By and large, most of the men who had great success hammering the ball before age 25 went on the have above average to great careers, but there are a few outliers such as Bob Horner, who hit 129 by the time he was 25 but only 89 more after that, and Hal Trosky, who hit 136 by 25 but only 92 afterwards in a career cut short by unbearable migraine headaches. Injuries also affected the career of Eric Chavez, while Tom Brunansky and Cesar Cedeno never quite followed through on the careers people expected of them.
Two Reasons it Doesn't Happen More
There are two primary reasons hitting 100 homers before age 25 is such a rarity. One is that you have to start fairly young, and many players don’t reach the majors until age 23 or later.
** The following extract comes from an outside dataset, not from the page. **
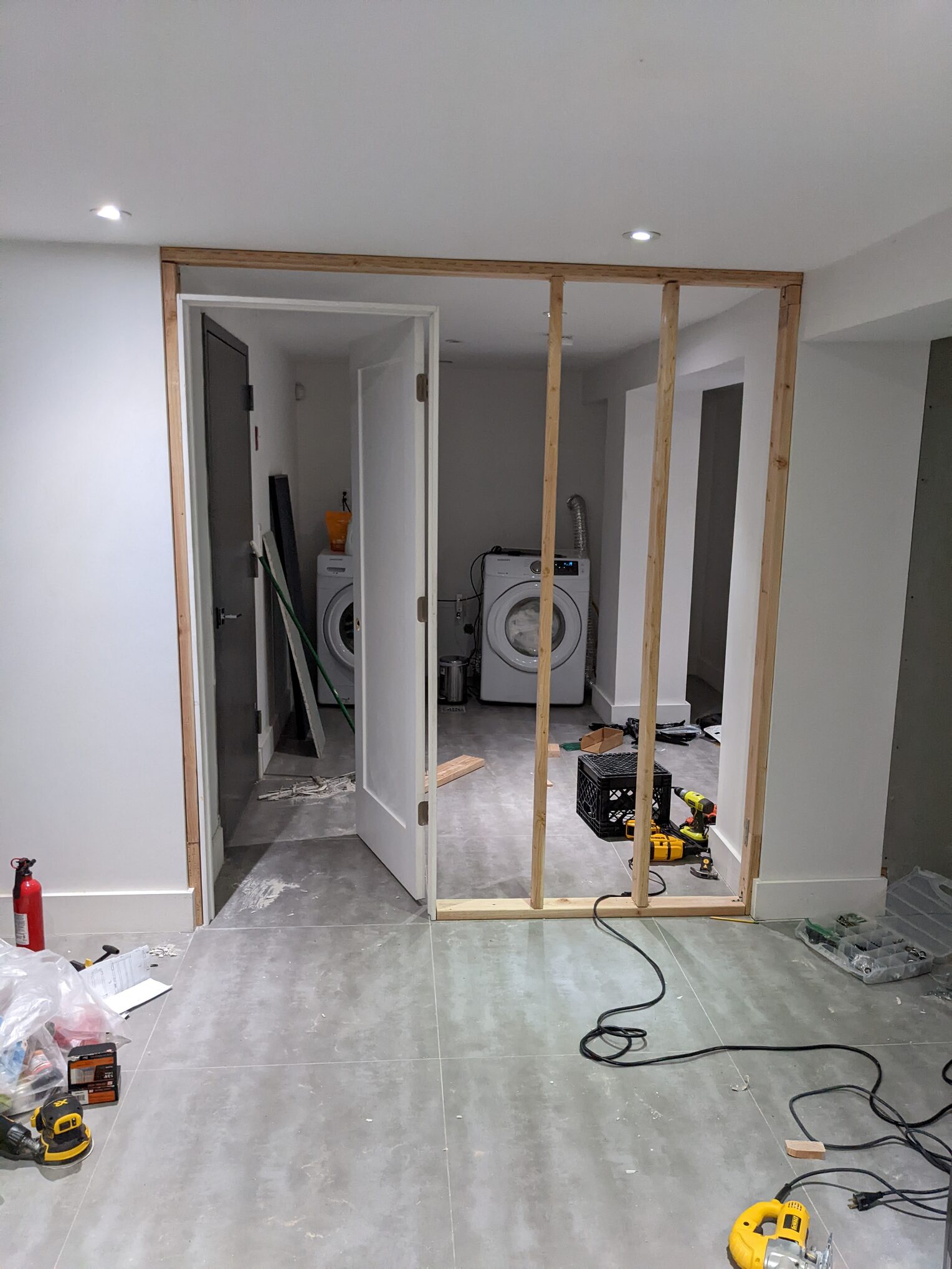 A home interior with a newly framed wall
Aaron Judge, for example, may end up having a great career hitting homers, but when he turned 25 on April 26 he had hit only 10 career long balls.
The other issue is that many players don’t fully mature physically until they’re 24 or later. Starlin Castro, for example, got in five seasons before he turned 25 and had only 51 career homers. Last year he hit 21 and has 12 so far this season because he’s bigger, stronger and smarter.
Two More Possibilities
It takes a special talent to have the raw power to hit homers at an early age like Harper, Machado and the rest so reaching 100 before age 25 will continue to be a rarity. Currently only two players are in a position to make a run at that number – Rougned Odor, who currently has 78 and won’t turn 25 until after the 2018 season, and Carlos Correa, who has 62 and won’t reach 25 until Sept. 22, 2019.
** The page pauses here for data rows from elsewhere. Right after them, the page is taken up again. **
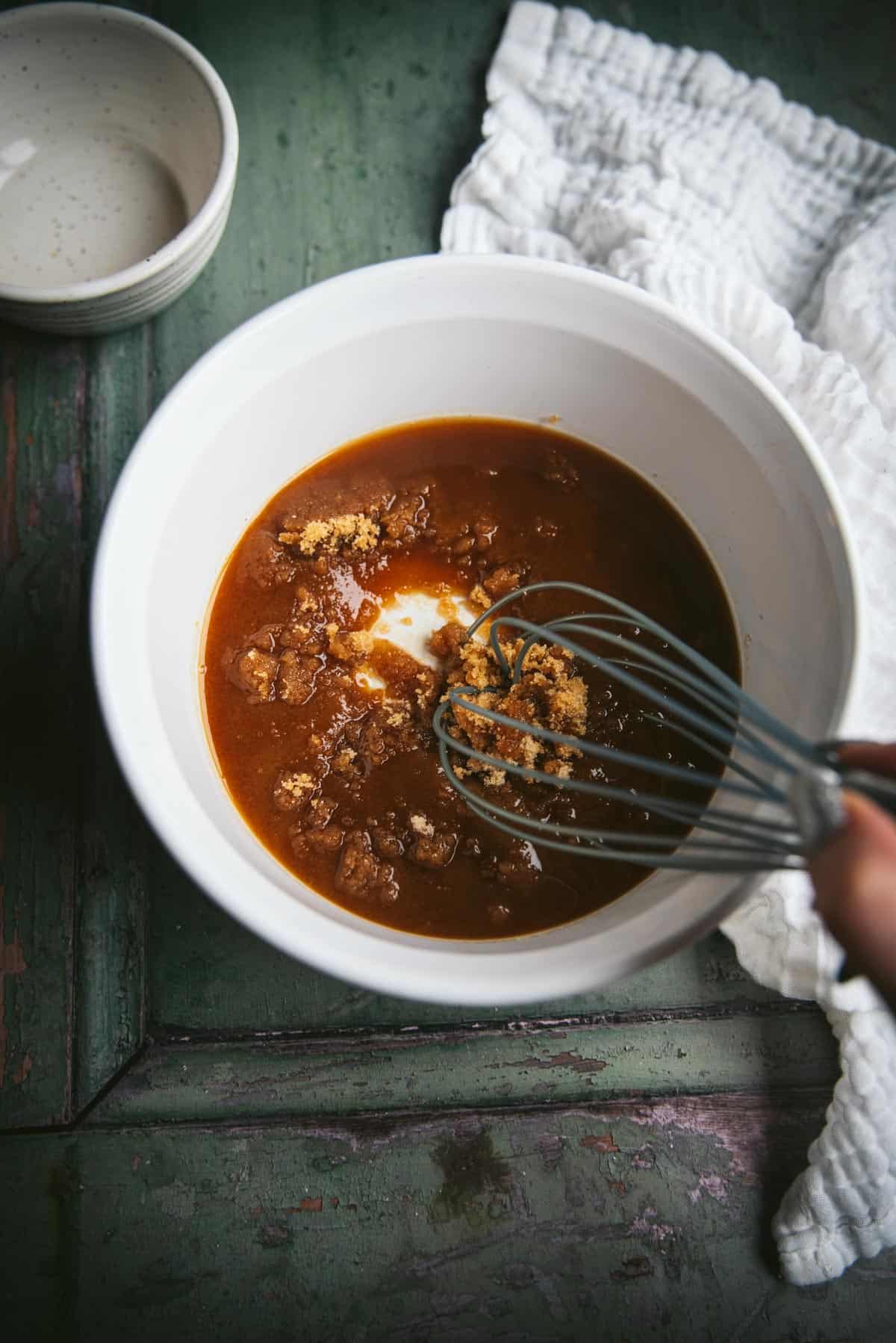 Someone is whisking brown sugar and the spiced liquid together in a large white ceramic pot.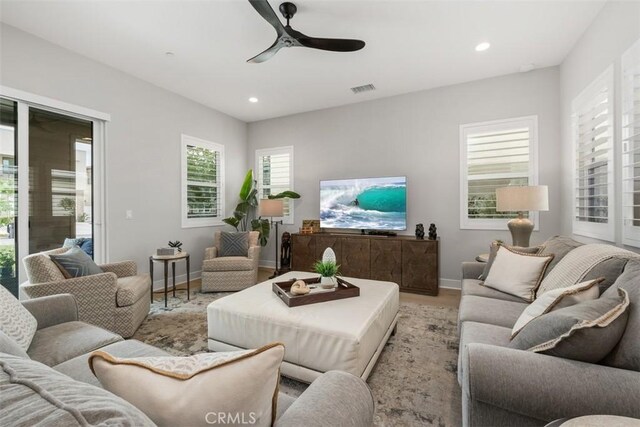 297 Sawbuck, Irvine, CA 92618 - living area with ceiling fan, recessed lighting, baseboards, and light wood-style flooring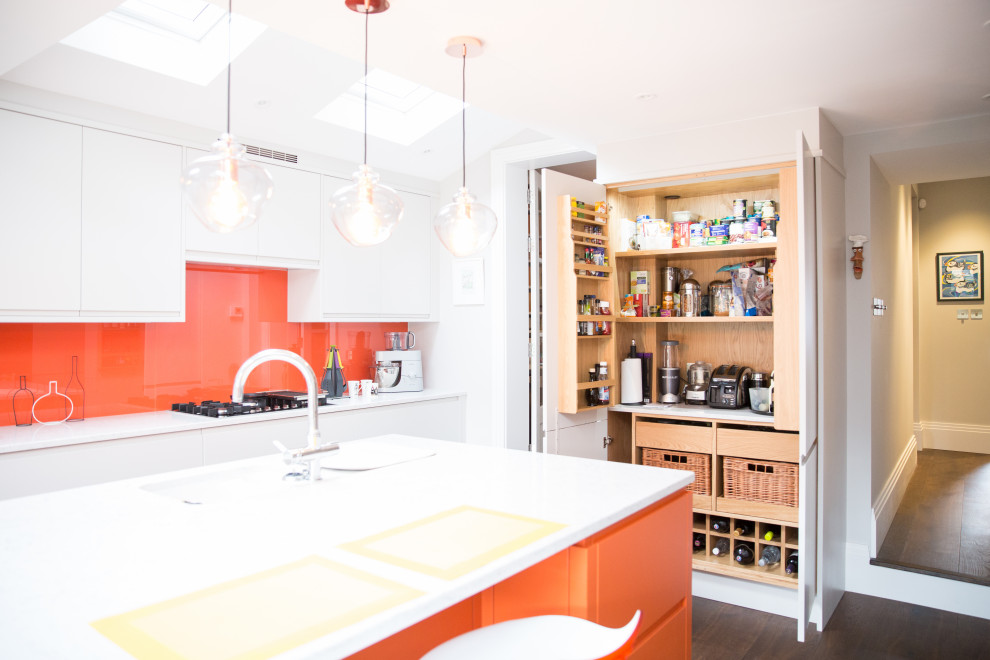 Inspiration for a mid-sized modern u-shaped open plan kitchen in London with a single-bowl sink, flat-panel cabinets, orange cabinets, solid surface benchtops, orange splashback, glass tile splashback, dark hardwood floors, with island, brown floor and white benchtop.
GaryKauffman (author) from North Augusta, South Carolina on May 22, 2017:
Schwarber has a chance to be a great player but no chance of reaching 100 homers before he turns 25 next March. He would have to hit 84 homers this year to reach that mark. Joey Gallo has a chance since he doesn't turn 25 until after the 2018 season. But he has to average 47 homers per season for each of the next two years to do it - a stretch but possible with his power if he can make contact a little more frequently. Wesman Todd Shaw, it looks like you live in a great town if you could just add one more "f" to the name!
Matthew DeWitte from Madison, Wisconsin on May 20, 2017:
Awesome article, one player I think that has a chance at the record would be Kyle Schwarber. He has the power like the Babe himself. I enjoy your articles!
Wesman Todd Shaw from Kaufman, Texas on May 19, 2017:
Great article, and I'm pleased whenever I see other folks who love baseball like I do.
Joey Gallo could hit 50 this year at age 23. He's the real deal, and I don't think we care any more if he only hits .200 in a season.
I'm rooting for Gallo to best Judge this year. I'm a Texan.
I don't guess I'd thought about Bob Horner since 1986. Was pleased to be reminded about him.